Soares Andrea, Park Lauren K, Mansour Emily, Deych Elena, Puritz Alyssa, Zhao Min, Cao Chao, Coggan Andrew R, Barger Phillip M, Foraker Randi, Racette Susan B, Peterson Linda R
Department of Medicine, Washington University School of Medicine, St. Louis, Missouri.
Department of Medicine, Washington University School of Medicine, St. Louis, Missouri; Cardiovascular Division, Washington University School of Medicine, St. Louis, Missouri.
Am J Cardiol. 2025 Aug 15;249:29-35. doi: 10.1016/j.amjcard.2025.04.020. Epub 2025 Apr 24.
Peak oxygen consumption (V̇O) is used to predict outcomes and time to transplantation in patients with heart failure with reduced ejection fraction (HFrEF); V̇O also has predictive utility in patients with adult congenital heart disease (ACHD). However, the predictive value of a given V̇O on cardiac events in patients with ACHD compared to HFrEF, especially after adjustment for age and sex, is unclear. Therefore, we performed a longitudinal cohort study comparing patients with ACHD to patients with HFrEF. The cohorts were sex and age matched (±10 years). V̇O tests were conducted from 1993 to 2012. Cardiac events included death, cardiac transplantation, and LVAD placement. Events were obtained via electronic medical record, SSDI, and phone interview. Cox proportional-hazard regression analyses were used to evaluate relationships of event-free survival with predictor variables. Patients with ACHD (N = 137) and HFrEF (N = 137) had median follow-up times of 19.0 years (14.8 to 21.1) and 14.5 years (13.4 to 15.6), respectively. In multivariable models, Higher V̇O was associated with lower risk for a cardiac event, independent of age and sex, in both ACHD (HR 0.89, 95% CI 0.83 to 0.96, p = 0.002) and HFrEF (HR 0.86, 95% CI 0.82 to 0.91, p <0.001). Male sex was associated with greater risk of a cardiac event HFrEF (HR 1.90, 95% CI 1.24 to 2.90, p = 0.003) but not in ACHD group. After multivariable adjustment (Beta-blockers, sex, and V̇O), having ACHD conferred a 71% lower risk of cardiac events compared to a HFrEF diagnosis (HR 0.29, 95% CI 0.18 to 0.47, p <0.001). V̇O independently predicts event-free survival among adults with ACHD or HFrEF and has clinical utility in outpatient settings. Patients with ACHD have a better prognosis after multivariable adjustment including V̇O compared to HFrEF.
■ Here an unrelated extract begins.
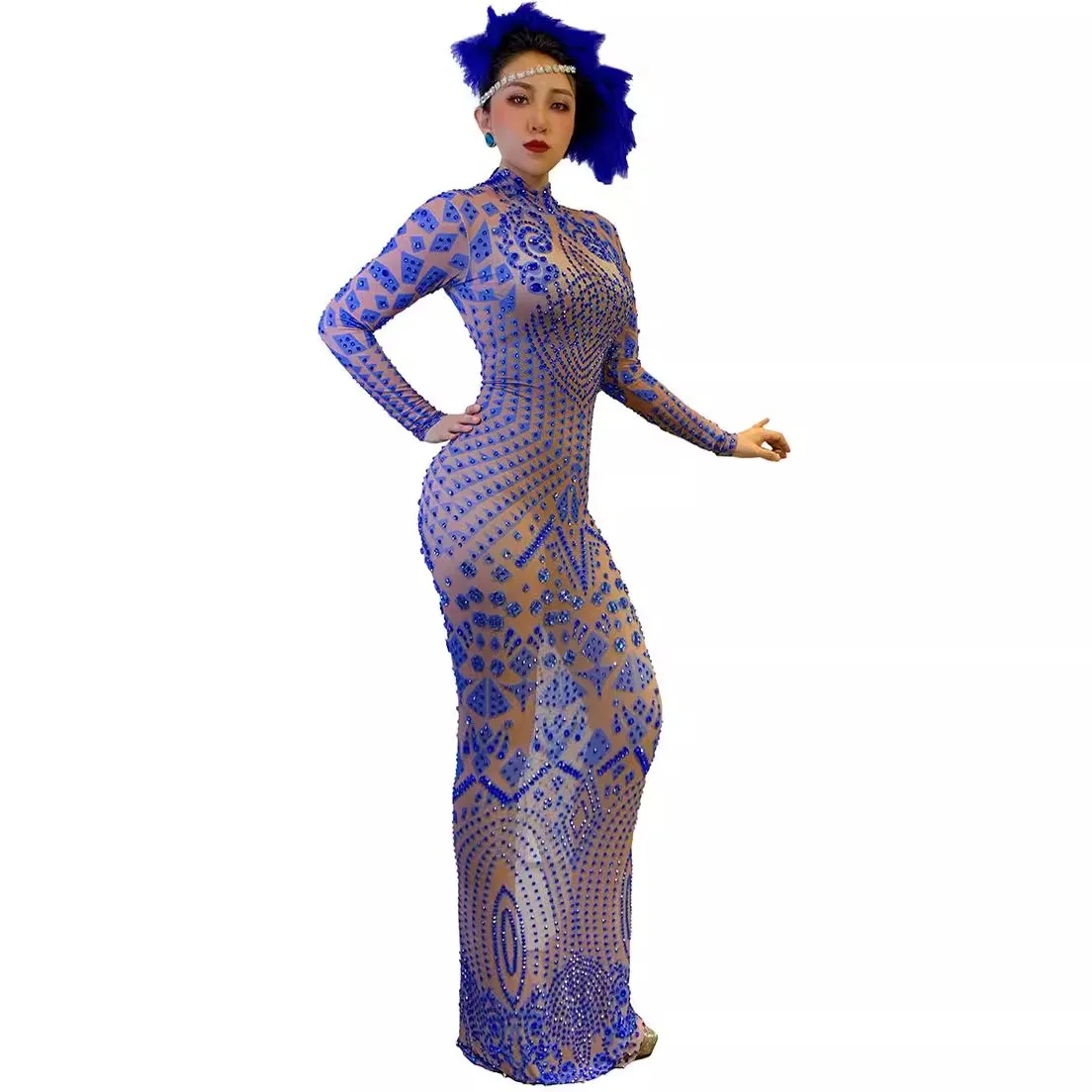 Elegant เซ็กซี่สีฟ้าเพชรที่สวยงาม Vintage สุภาพสตรีแฟชั่นสุภาพสตรี Gala ชุด Abiti Da Festa Designer ชุดราตรีสุดหรู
峰值耗氧量(V̇O)用于预测射血分数降低的心力衰竭(HFrEF)患者的预后和移植时间;V̇O在成人先天性心脏病(ACHD)患者中也具有预测作用。然而,与HFrEF相比,特定V̇O对ACHD患者心脏事件的预测价值尚不清楚,尤其是在调整年龄和性别之后。因此,我们进行了一项纵向队列研究,比较ACHD患者和HFrEF患者。队列在性别和年龄上匹配(±10岁)。V̇O测试于1993年至2012年进行。心脏事件包括死亡、心脏移植和左心室辅助装置植入。事件通过电子病历、社会安全死亡指数(SSDI)和电话访谈获得。采用Cox比例风险回归分析来评估无事件生存与预测变量之间的关系。ACHD患者(N = 137)和HFrEF患者(N = 137)的中位随访时间分别为19.0年(14.8至21.1年)和14.5年(13.4至15.6年)。在多变量模型中,较高的V̇O与ACHD(风险比[HR] 0.89,95%置信区间[CI] 0.83至0.96,p = 0.002)和HFrEF(HR 0.86,95% CI 0.82至0.91,p <0.001)患者发生心脏事件的较低风险相关,且独立于年龄和性别。男性与HFrEF患者发生心脏事件的风险更高相关(HR 1.90,95% CI 1.24至2.90,p = 0.003),但在ACHD组中并非如此。在多变量调整(β受体阻滞剂、性别和V̇O)后,与HFrEF诊断相比,患有ACHD使心脏事件风险降低71%(HR 0.29,95% CI 0.18至0.47,p <0.001)。V̇O独立预测ACHD或HFrEF成人患者的无事件生存,并且在门诊环境中具有临床实用性。与HFrEF相比,在包括V̇O在内的多变量调整后,ACHD患者的预后更好。